I'll continue updating my work when I literally have it fresh.

Spacetime Commutation from Antisymmetric Part of Riemann Tensor.

The commutation relationship is (in a usual convention)

$R_{\mu,\nu} = [\nabla_x, \nabla_0] = \nabla_x \nabla_0 - \nabla_0 \nabla_x \geq \frac{1}{\ell^2}$

Here we have explicitly wrote out the connections as having commutative properties satisfying our desired inequality. Writing the whole commutation out to find the christoffel symbols, (using differential notation) reveals the following and using general indices:

$[\nabla_i,\nabla_j] = (\partial_i + \Gamma_i)(\partial_j + \Gamma_j) - (\partial_j + \Gamma_j)(\partial_i + \Gamma_i)$

$= (\partial_i \partial_j + \Gamma_i \partial_j + \partial_i \Gamma_j + \Gamma_i \Gamma_j) - (\partial_j \partial_i + \partial_j \Gamma_i + \Gamma_j \partial_i + \Gamma_j \Gamma_i)$

$= -[\partial_j, \Gamma_i] + [\partial_i, \Gamma_j] + [\Gamma_i, \Gamma_j]$

Pulling it out of its differential notation form, what we really have is

$[\nabla_i,\nabla_j] = \frac{\partial \Gamma_i}{\partial x^j} + \frac{\partial \Gamma_j}{\partial x^i} + \Gamma_i \Gamma_j$

It is one that follows the spacetime relationship

$\Delta x\ c \Delta t = \Delta X_i \Delta X_j \geq \ell^2$

An application of the commutator can be found from parallel transport, in which one can obtain the identity

$dV = \nabla_{\nu} \nabla_{\mu} dx^{\nu}dx^{\mu} V - \nabla_{\mu} \nabla_{\nu} dx^{\mu} dx^{\nu}V$

$= dx^{\mu} dx^{\nu} V (\nabla_{\mu} \nabla_{\nu} - \nabla_{\nu} \nabla_{\mu}) = dx^{\mu} dx^{\nu} V [\nabla_{\nu},\nabla_{\mu}]$

Consider now, the Riemann tensor with torsion. It is basically a commutator acting on some vector field $V^{\rho}$

$[\nabla_{\nu},\nabla_{\mu}]V^{\rho} = (\partial_{\mu} \Gamma^{\rho}_{\nu \sigma} - \partial_{\nu} \Gamma^{\rho}_{\mu \sigma} + \Gamma^{\rho}_{\mu \lambda}\Gamma^{\lambda}_{\nu \sigma} - \Gamma^{\rho}_{\nu \lambda}\Gamma^{\lambda}_{\mu \sigma})V^{\sigma} - 2\Gamma^{\lambda}_{[\mu \nu]} \nabla_{\lambda}V^{\rho}$

The full Reimann tensor is

$R^{\rho}_{\sigma \mu \nu} = \partial_{\mu} \Gamma^{\rho}_{\mu \sigma} + \Gamma^{\rho}_{\nu \lambda} \Gamma^{\lambda}_{\nu \sigma} - \Gamma^{\rho}_{\nu \lambda} \Gamma^{\lambda}_{\mu \sigma}$

All these things, which comes from standard general relativity, use the antisymmetric indices [ij].

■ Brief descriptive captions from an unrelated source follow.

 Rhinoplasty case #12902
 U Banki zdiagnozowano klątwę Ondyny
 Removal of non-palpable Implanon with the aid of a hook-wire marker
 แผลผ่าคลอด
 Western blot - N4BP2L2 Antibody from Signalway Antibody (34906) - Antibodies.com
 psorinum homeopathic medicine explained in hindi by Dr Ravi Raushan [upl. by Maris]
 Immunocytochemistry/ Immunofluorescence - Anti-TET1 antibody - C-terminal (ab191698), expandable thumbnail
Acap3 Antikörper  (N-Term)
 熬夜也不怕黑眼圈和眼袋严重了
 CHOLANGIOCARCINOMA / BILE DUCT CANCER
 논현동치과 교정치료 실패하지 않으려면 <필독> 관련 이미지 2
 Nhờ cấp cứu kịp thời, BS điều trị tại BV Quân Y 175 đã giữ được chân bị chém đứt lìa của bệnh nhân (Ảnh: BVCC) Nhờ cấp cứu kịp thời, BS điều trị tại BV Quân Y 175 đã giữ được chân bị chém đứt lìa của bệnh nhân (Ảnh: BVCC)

The last two terms in $R^{\rho}_{\sigma \mu \nu}$ display antisymmetry in the commutators. Again the commutation arises from the derivatives of the connections,

$[\nabla_{\mu},\nabla_{\nu}] = -[\partial_{\nu}, \Gamma_{\mu}] + [\partial_{\mu}, \Gamma_{\nu}] + [\Gamma_{\mu}, \Gamma_{\nu}]$

This was the exact identity of the two commutators for derivatives concerned in space and derivatives in time - it's much more simple in the construct than the full Riemann tensor would suggest. The Riemann tensor vanishes, if we are in any coordinate system

$\partial_{\sigma}g_{\mu \nu} = 0$

Then the Christoffel symbols are zero

$\Gamma^{\rho}_{\mu \nu} = 0$

and

$\partial_{\sigma} \Gamma^{\rho}_{\mu \nu} = 0$

and so

$R^{\rho}_{\sigma \mu \nu} = 0$

Clearly, we are looking into cases though in which

$R^{\rho}_{\sigma \mu \nu} \ne 0$

In which curvature does not vanish, but has a specific meaning and relationship with spacetime.

So far, what we have learned, it is the last two terms in Riemann tensor is antisymmetric: $R^{\rho}_{\sigma \mu \nu}$. We want to deal in spaces, maybe even two dimensional cases that are not locally Euclidean - ie. a vanishing Riemann tensor concerned with a commutation between connections describing the space and time derivatives. Hopefully we have clarified any misunderstanding of the commutators role in this and how they are interpreted as an anti-symmetric part of the Riemann tensor.

The possible non-trivial spacetime uncertainty relationship, predicted by both quantum loop gravity and string theory, can be thought of as an analog of a quantum phase space.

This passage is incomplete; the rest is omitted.